Thursday, January 24, 2019

Why The Market Hates The Trade War

For readers who perhaps don't sympathize with my repetitiously-stated concerns over protectionism, perhaps they'll take the latest from Fortune's CEO survey to heart.

Here are the highlights:  emphasis mine...
There was a sharp rise in the number of CEOs who say the economy will decline in the next 12 months, hitting 29%, up from 5% last year. Still, 42% think the economy will improve (down from 57% last year.)
– While the rise in pessimism was found in every region of the world, it was most pronounced in North America. Trade conflict was a top reason for rising pessimism in both North America and China.
The U.S. fell sharply as the top target for companies’ growth ambitions, going from the choice of 46% last year to just 27% this year. It still topped second-place China, which fell from 33% last year to 24% this year.
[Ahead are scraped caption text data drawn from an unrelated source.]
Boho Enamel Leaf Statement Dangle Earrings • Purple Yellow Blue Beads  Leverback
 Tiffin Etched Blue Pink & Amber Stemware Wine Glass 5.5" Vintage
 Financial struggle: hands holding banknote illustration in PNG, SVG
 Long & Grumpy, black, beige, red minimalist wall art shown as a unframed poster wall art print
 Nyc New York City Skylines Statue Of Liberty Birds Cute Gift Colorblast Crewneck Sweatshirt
This suggests trade tension is hurting growth prospects in both countries.
The U.S. is no longer top territory for overseas investment and growth for Chinese CEOs. It dropped precipitously from the top choice of 59% of Chinese CEOs last year to just 17% this year and fell behind Australia.
This is among the stuff I've been preaching about ad nauseam for the past couple of years, and, like it, or agree with it, or not, it helps explain why the stock market (players in the aggregate), as evidenced in the trading action, utterly hates/fears the prospects for a protracted trade war.